This World Is Not My Home
An excerpt from Lost Places: On Losing and Finding Home
By Cathryn Hankla
Mother, a pirate, lying on the living room couch where children seldom roamed much less sat; I wasn’t used to seeing her prone; usually, she was industrious with homemaking chores unless sunbathing with a book propped on her lap. A white gauze patch covered one eye. She had had a mole removed from her eyebrow. I had noticed the dark speck of flesh — a dark eraser sprouted and splayed the brows around it — but I didn’t know its fate until it had already met the scalpel. Now it looked like she had lost her eye, and she promised me there were a number of stitches. The doctor’s bulky bandage and tape straps extended around her nose, down her cheek and over her forehead. Ahoy. It was a lot of to-do over a dark dot.
I asked if it hurt. “Not much,” she said. “But I’m taking a nap.”
I asked if I could see the stitches when she woke up. “When I change the bandage,” she said. I was squeamish about needles but loved the concept of first-aid, or maybe it was the kit I loved, the organized compartments of bandages and ointments.
A dark dime marks the back of my upper left thigh. When I was a child the proportions made it appear to be worth more, closer to a quarter-sized polka dot on my skinny leg. At the swimming pool people sometimes stared at the brown spot of concentrated melanin, but it was always behind me as I ran, and growing up I didn’t much care. I was dragged to the pediatrician at least twice a year, and during each routine visit my mother asked about the removal of my birthmark. My pediatrician remained blasé.

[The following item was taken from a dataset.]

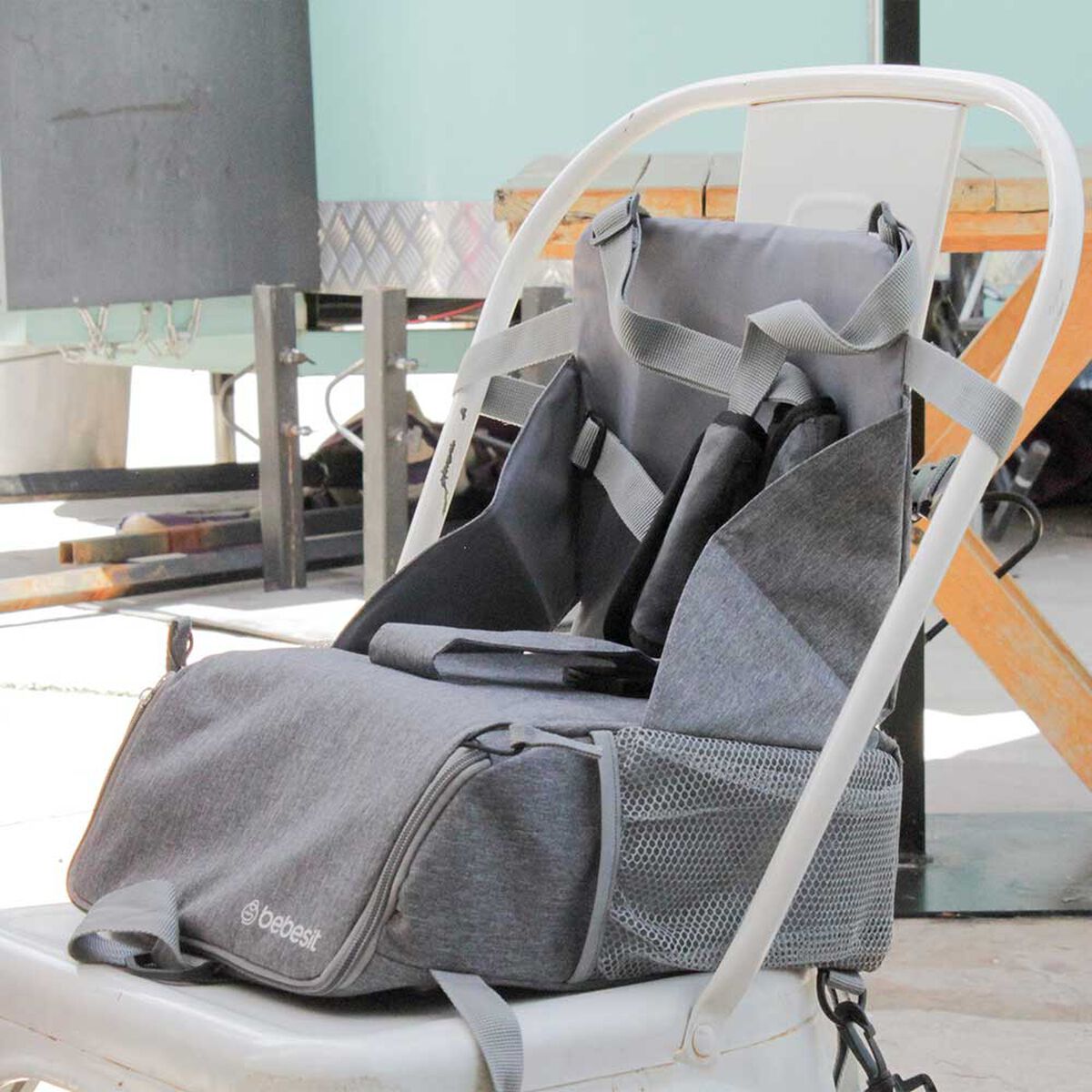 Silla Booster Gris J25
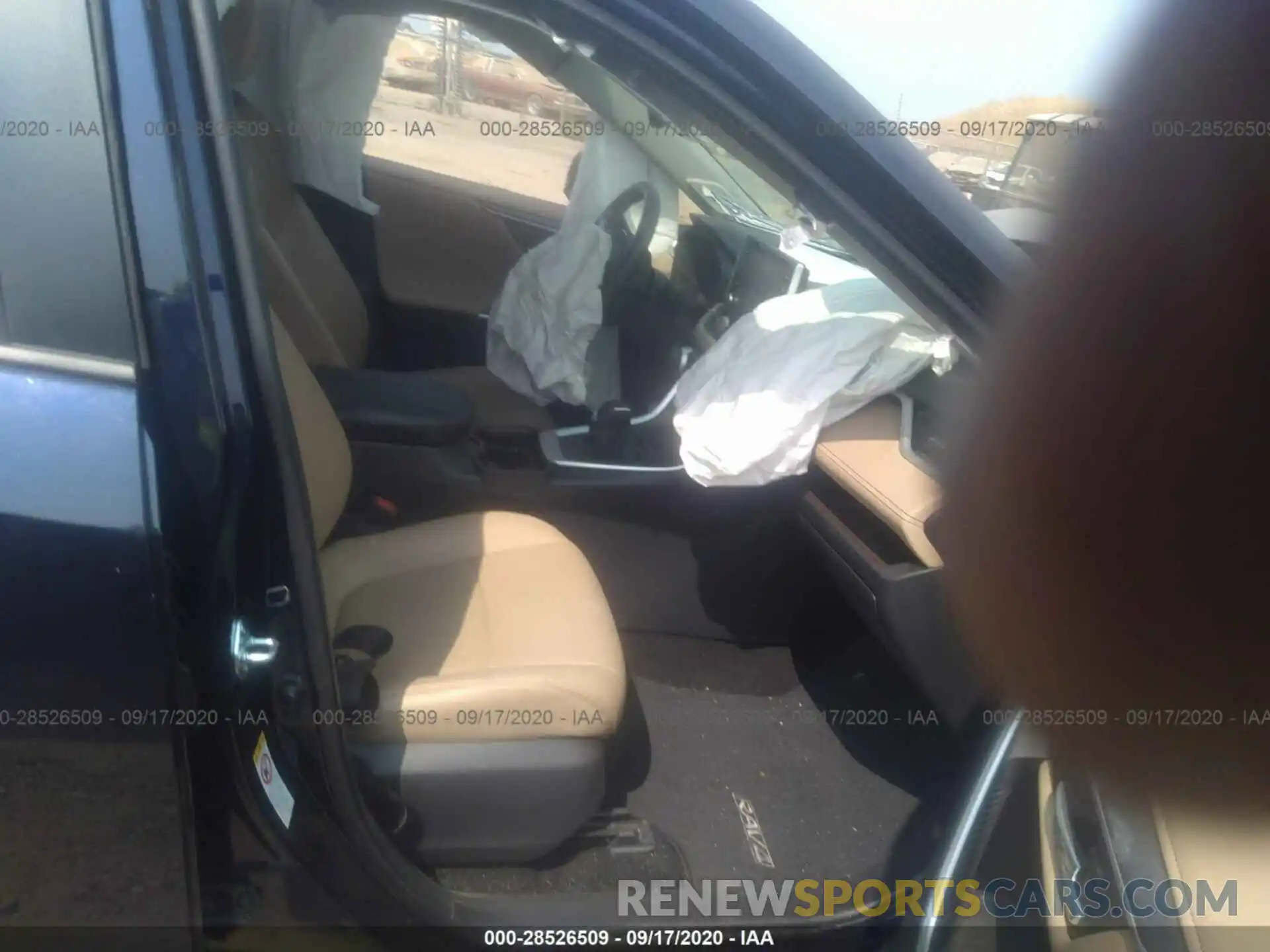 5 Photograph of a damaged car JTMDWRFV5KD003592 TOYOTA RAV4 2019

A classmate at the college swimming pool told me, mincing no words, that I was going to die of cancer. My spotted leg was propped up on a railing as I lazily surveyed the pool for my work-study job as a lifeguard. “It’s a birthmark,” I said. The young woman assured me that I could still die. I was 19 with a plastic whistle hanging between my breasts.
Sealing the deal, she said, “My father is a doctor.”
I grew up with a lot of doctors’ kids and they were sometimes paranoid, exposed to bad news and hushed tones on a regular basis. But all that sickness made them richer than regular kids.
My dad was a medicine man; he dispensed pills, although when he first passed the state board he also mixed, compounded and did some prescribing of controlled substances. He knew the chemical origins of most drugs and their botanical bases, and I imagined back to the rain forest, whence he told me aspirin derived, from the bark of a certain tree. Some of his customers paid him in farm animals, once a black lamb. We lived in town, so this was a tactical problem: no barn, lamb in basement, grazing backyard. Even in Appalachia, this was not done. Mother remembers my father in the prescription department gently daubing to remove cinders from the eyes of miners who called him “Doc.” They couldn’t afford a real doctor.
Mother recently confessed that she’s stopped shaving beneath her arms and also stopped shaving her legs. “I can’t see to shave.” Her legs are nearly hairless now anyway. She tells me this while I am helping her pull a spandex camisole over her head. The shelf bra of the camisole catches on her chest above her flattened smudges of breast. As we work it down into place, I see the sprays of long gray hair stubbornly hanging on beneath what Mother calls her “little scrawny arms.” Neither does she wear bras most of the time. “Oh well,” Mother says, letting go of one more thing.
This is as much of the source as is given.